Before continuing my journey into the thermodynamic world of J. Willard Gibbs, I wanted to take a step back and revisit Rudolf Clausius’s final sentence in his ninth and final memoir on the mechanical theory of heat (here is link to all nine memoirs that ran from 1850 to 1865).

Clausius’s Ninth Memoir

Realizing that his Ninth would be his final memoir, at least with regards to the mechanical theory of heat, Clausius must have felt the need for closure.  He brought the physics along as far as he could, even if he was not fully satisfied with where he stood.  While Clausius brought powerful focus to the quantity δQ/T that showed up in his work, his attempt to seek a deeper understanding of δQ/T didn’t really pan out. So how was he to conclude his fifteen years of labor on this topic? He needed to do so in a way that did justice to what he achieved and perhaps also to point the way towards future research.  It was in this context that he quietly introduced entropy.  The introduction of this property in and of itself would have made a fitting end to his story.  And if he had stopped there, his work would have remained powerful and groundbreaking.  But he didn’t stop here.
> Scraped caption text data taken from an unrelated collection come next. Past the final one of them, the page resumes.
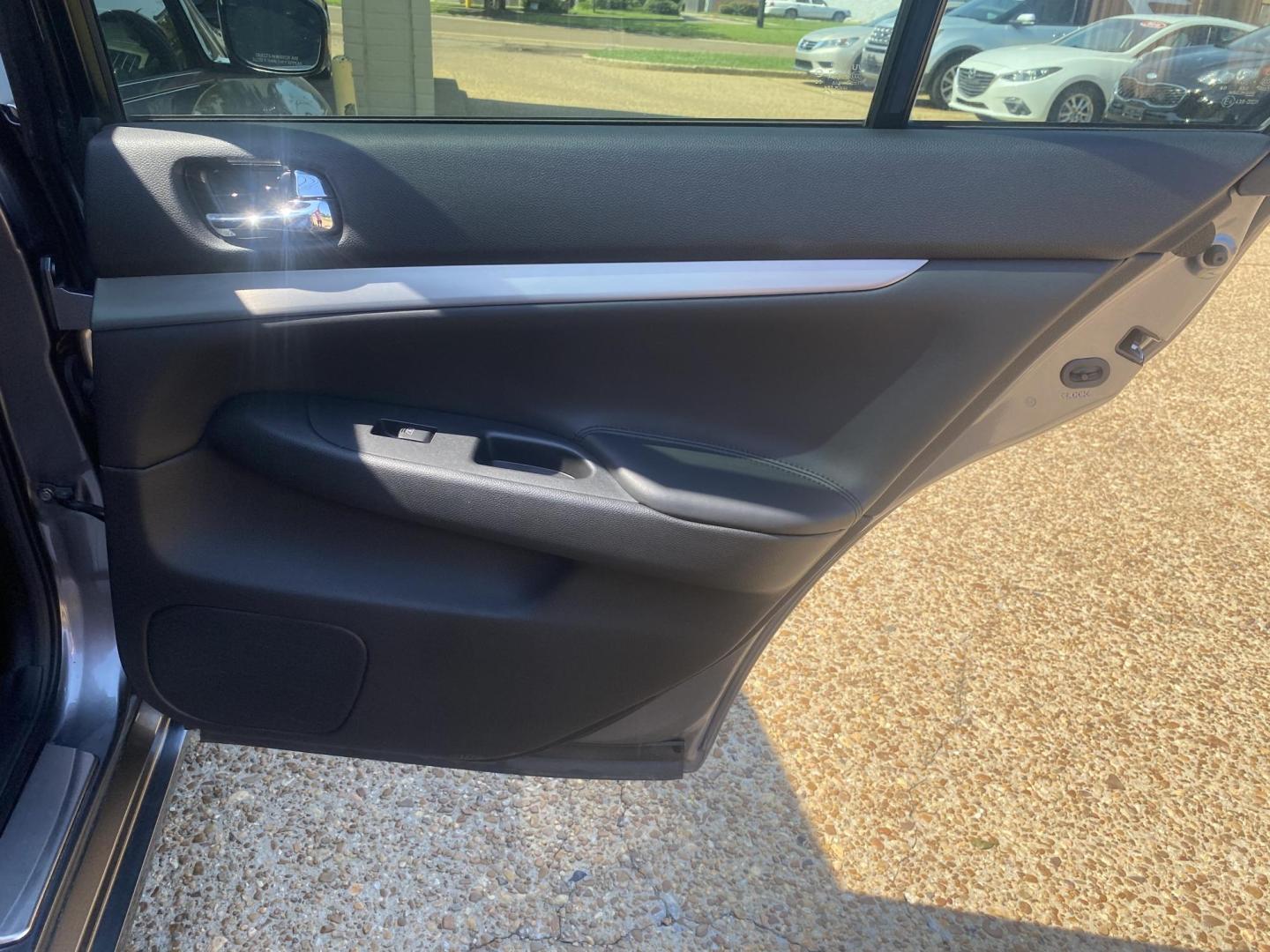 2013 GREY INFINITI G37 BASE; SPORT; JOU (JN1CV6AP7DM) , located at 922 W. Beacon St., Philadelphia, MS, 39350, (601) 650-3675, 32.770447, -89.127151 - Photo#14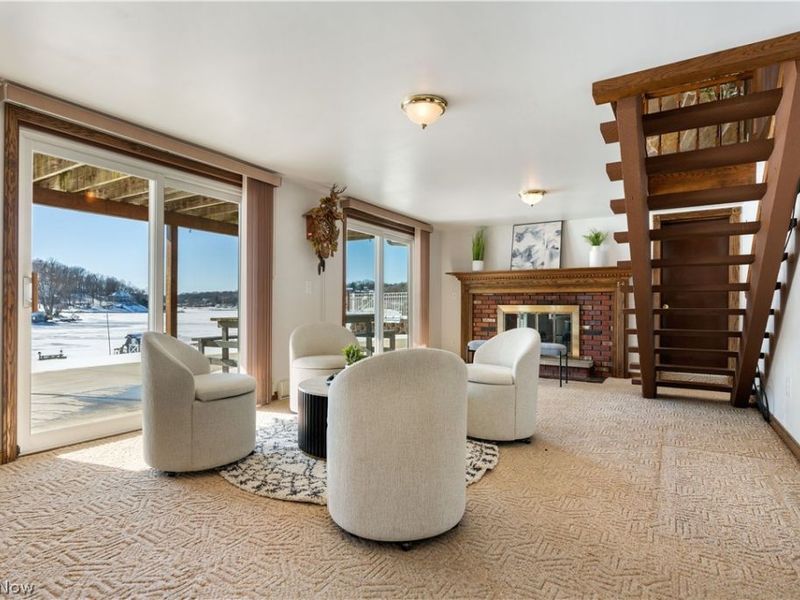 382 E Mohawk Drive, Malvern, OH 44644 Photo 7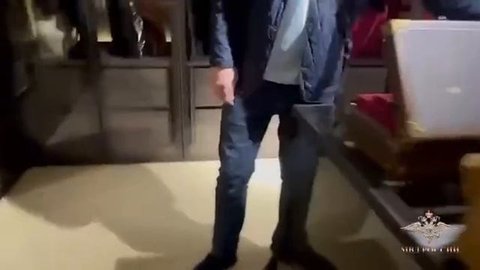 МВД показало новые кадры с обысков у Блиновской (в том числе из ее гардероба)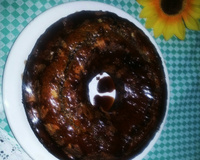 Bolo simples de liquidificador com cobertura de chocolate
Instead, in a turn of historical significance and scientific confusion, he ended his Ninth Memoir with a final sentence that was a doozy, one that arguably was the single cause for the main scientific and philosophical impact of this publication.  In a sudden and unexpected flash for the reader, accompanied by a most minimal lead-in discussion, Clausius made a bold leap from Carnot to the cosmos.

From Carnot to cosmos

Clausius concluded his Ninth Memoir by stating two fundamental theorems of the Mechanical Theory of Heat:

1.  The energy of the universe is constant.  (Die Energie der Welt ist constant)

2.  The entropy of the universe tends to a maximum.  (Die Entropie der Welt strebt einem Maximum zu)

We’ll get to that rather large conceptual leap imbedded in the second and final sentence in a moment.  But first, let’s look at these final two statements together since they reflected a change of major proportions.  Clausius and his need for simplicity, generality and symmetry likely sought a grand way to bring his work to a close.  His shift from Carnot and the mechanical theory of heat to the fundamental laws of matter led him to effectively declare that the science of matter was based on two fundamental state properties, energy and entropy, that held much greater significance than the primitive properties on which they were based. Gibbs would later recognize the rightness of this navigational direction set by Clausius and base his own work on these properties as he made famously clear by his verbatim use of these two statements, in the original German, as a lead in to his groundbreaking paper, On the Equilibrium of Heterogeneous Substances (1875-78).  (One could argue that Clausius provided Gibbs his roadmap.)

It wasn’t just entropy that was important, but the declaration of an increasing entropy

But it was more than the declaration of energy and entropy that made this memoir so revolutionary.  It was the declaration of an increasing entropy in the universe that garnered the most interest and later fame for Clausius.  This must rank as one of the largest conceptual leaps in the history of science. 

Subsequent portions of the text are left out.